Rachel, Oksana, Bombshell, Hailey…the list goes on and on. Women are being paid a hundred different ways for sleeping with married men and then talking about it -- or in Rachel’s case, for not talking about it – no matter how gory the details. Oksana Grigorieva turned down $15 million to keep the Mel tapes under wraps. If you think it’s because she wanted revenge more than money, well, that’s a slightly less disturbing theory. But I’ll bet any one of you $15 million that she’ll have made more than that from this tragedy once it’s over and forgotten. As for Bombshell, Hailey, and the rest, their profits might not be as staggering as Oksana’s and Rachel’s, but it’s all relative. Rachel and Oksana already had pretty impressive bank accounts before they cashed in on their intimacies, unlike the others. Point is, every one of them had an affair with a married man (each of their men was married when the affairs began), every one of them made a lot of money as a result, and every one of them is now a household name. So, now that I’ve carried on it about it for so long, you might be wondering, “What’s the big deal?” I’ll tell you what the big deal is. Girls in this country are going to grow up thinking that their bodies are currency and that selling one’s dignity is the American Dream.
We used to teach young girls not to “give it away,” but “giving it away” referred to sex without love, not sex without money. We told girls that they would have healthier self-esteem and healthier relationships if they valued themselves and their bodies enough to share them only judiciously.
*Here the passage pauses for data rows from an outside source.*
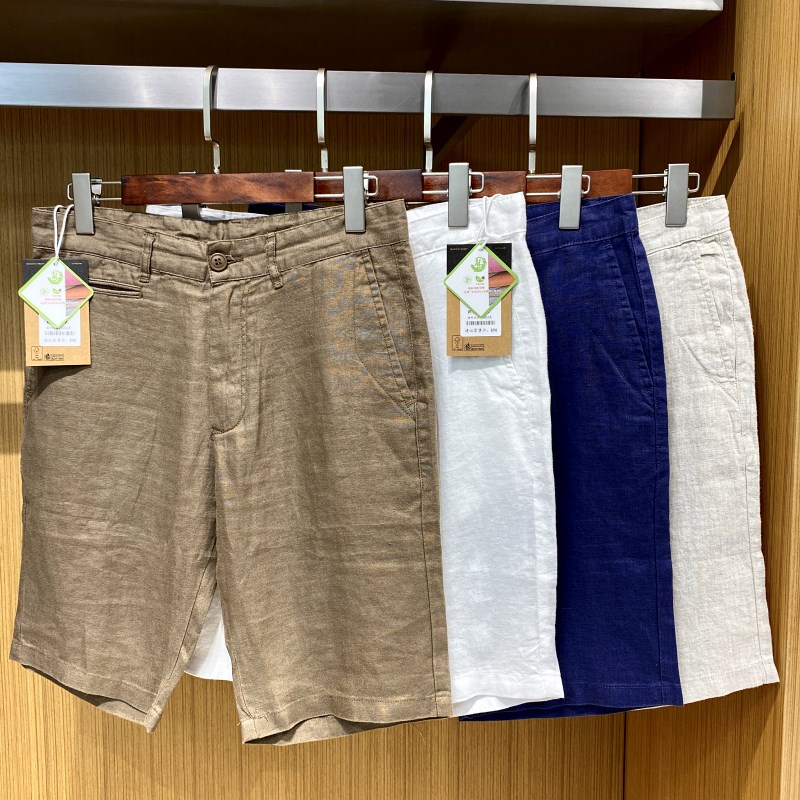 走商场订单!高端系列!100亚麻!夏季男士O透气刺绣薄款直筒短裤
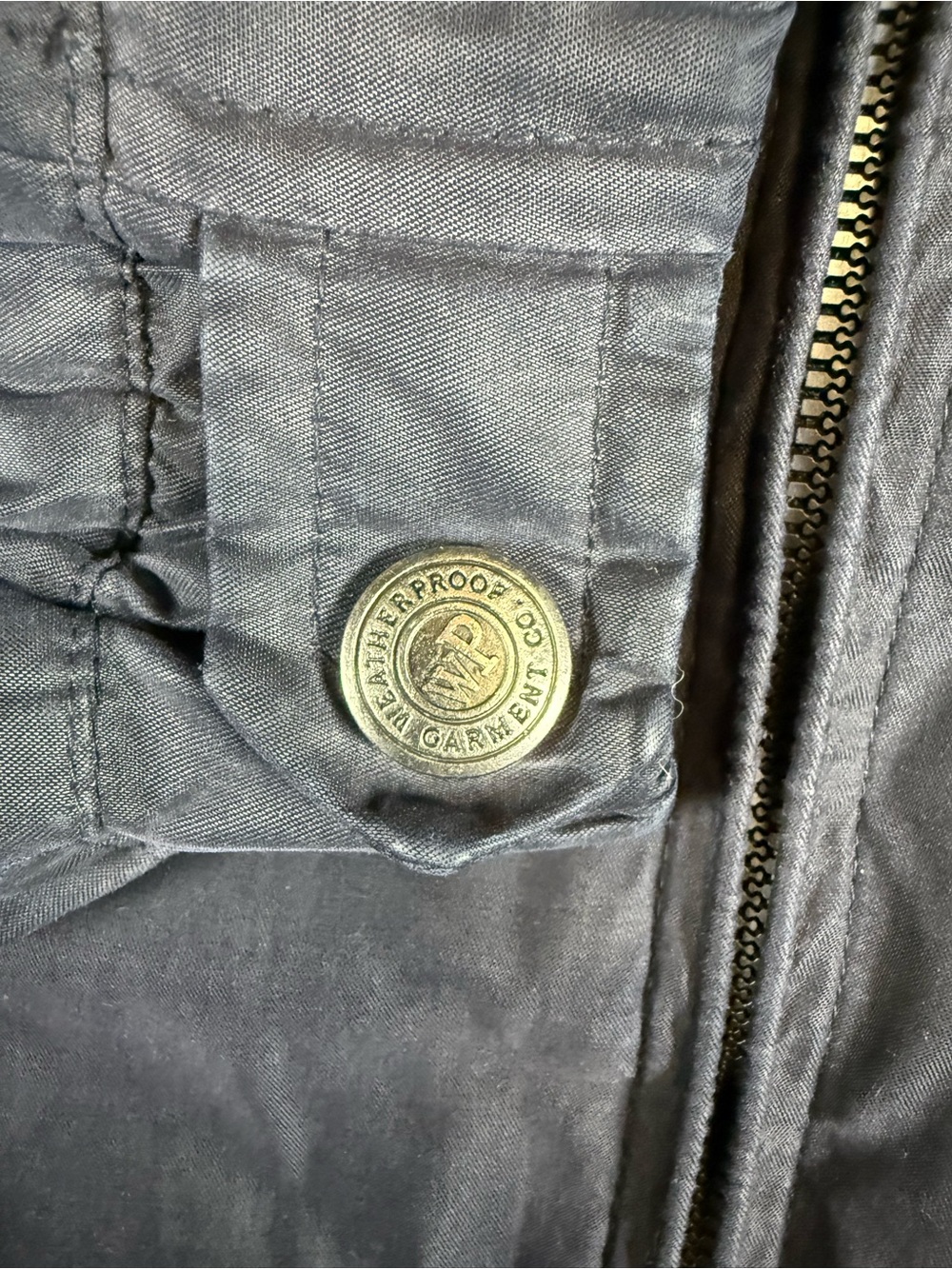 VTG Harley Davidson Weatherproof Garment Co Blue Jacket Size L Zip Up - Picture 10 of 13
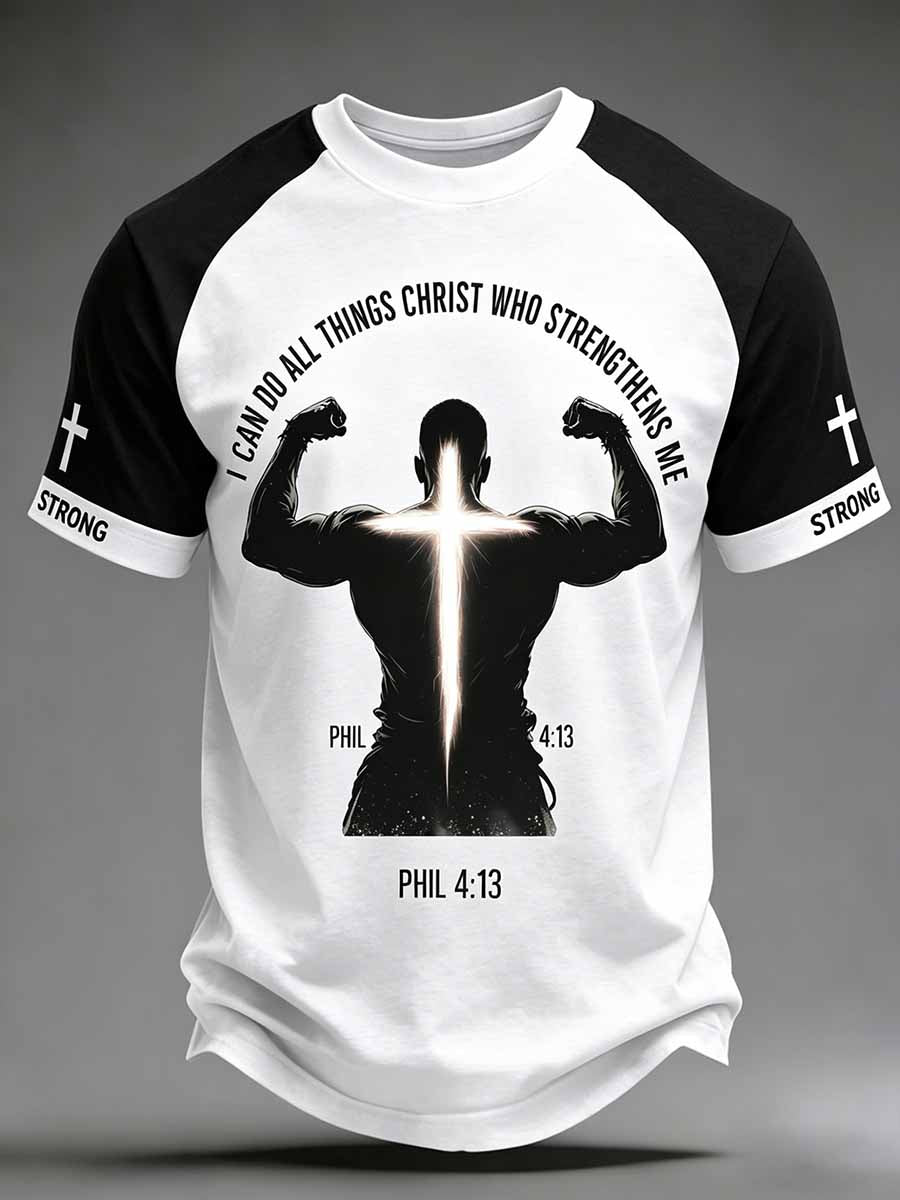 Men's Vintage Jesus Faith Print Casual T-Shirt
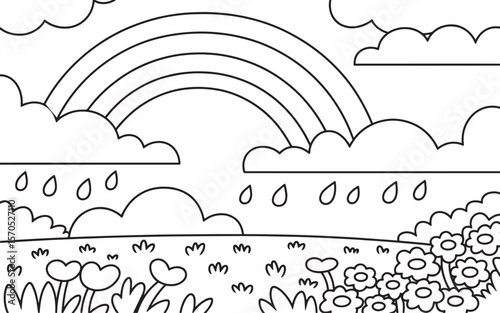 Floral Landscape with Rain and Rainbow Nature Coloring Page for Children, Rainbow Over Flowers, Rain in Garden, Nature and Weather, Springtime Scene, Flower Field Rain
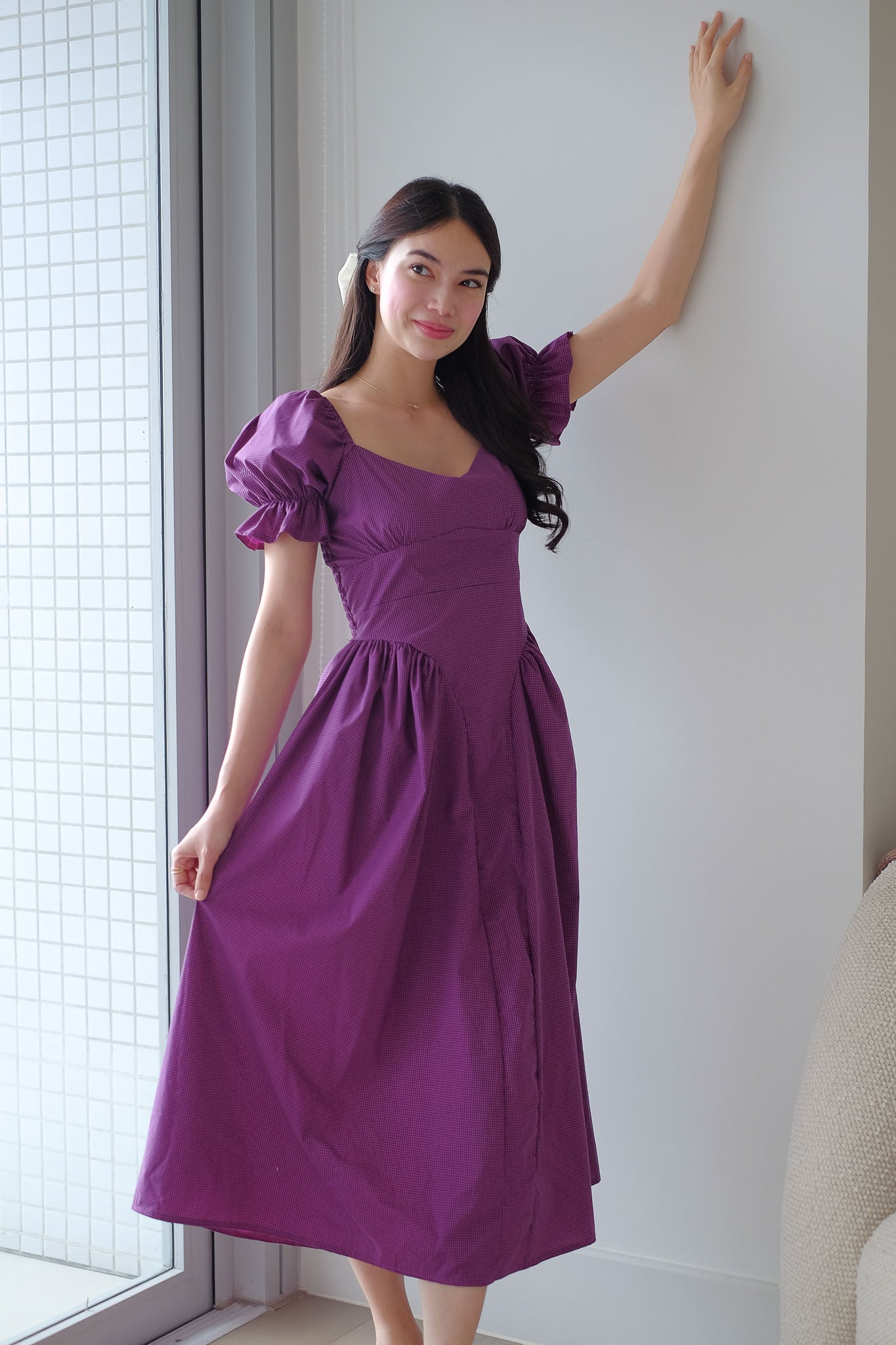 The Emma Midi dress - purple gingham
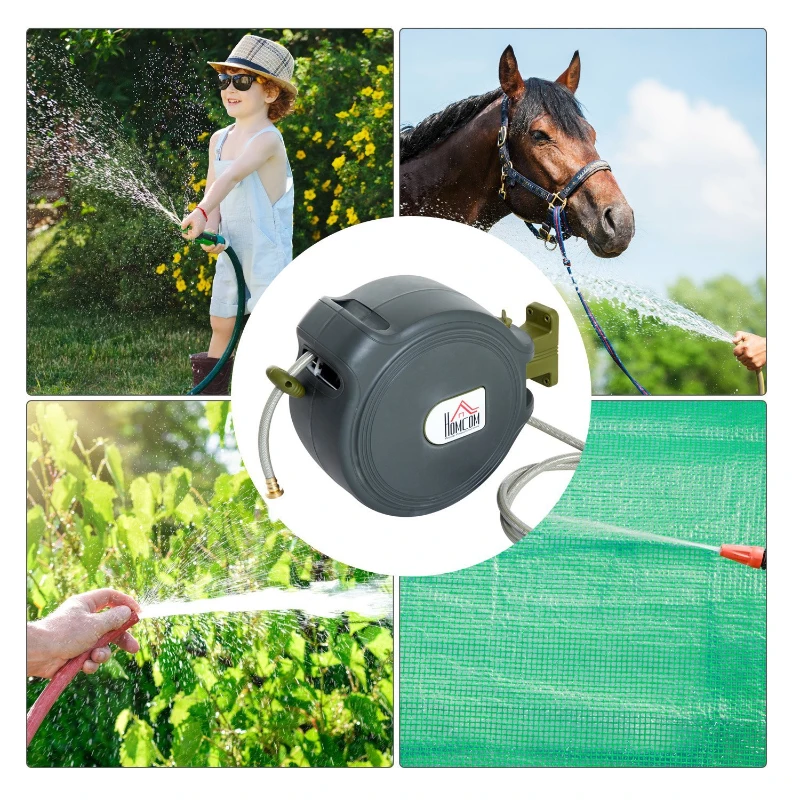 HomCom 1/2" x 65' Retractable Auto-Rewind Wall Mounted Garden Water Hose Reel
I think we still teach that on paper. The media, unfortunately, follow quite a different lesson plan. The women who get the most attention lately are those who make money from selling themselves and the stories of their very private lives. Of course, plenty of people shake their heads at all of it; it’s not as if the public treats Rachel Uchitel like a role model. But we buy the magazines and we watch the shows; we pay their salaries. So while I don’t think for a second that anyone -- or the media -- is actually suggesting that young girls consider prostitution and/or extortion as career choices, I know that we reward those choices. And no matter what we say, our actions speak louder -- cliché though it may be, it's true. The choice isn't always as extreme as Rachel's or Oksana's. Sometimes it’s a more subtle sale of self, like Kendra or Kim Kardashian, both of whom have popped up on this page in the past. It’s all on the same spectrum. But now we’re at the end of that spectrum, the scary, scary end, where women make a better living from affairs with married men than from almost anything else and there are reality shows that auction off people’s virginity. Just read that sentence again. What's next? How much worse can the message be? When the producer of a reality show recruits contestants with a headline that reads "Virgins Needed" (yes, he did), I'd say not much worse. Just say no, people. We're the johns now -- just say no.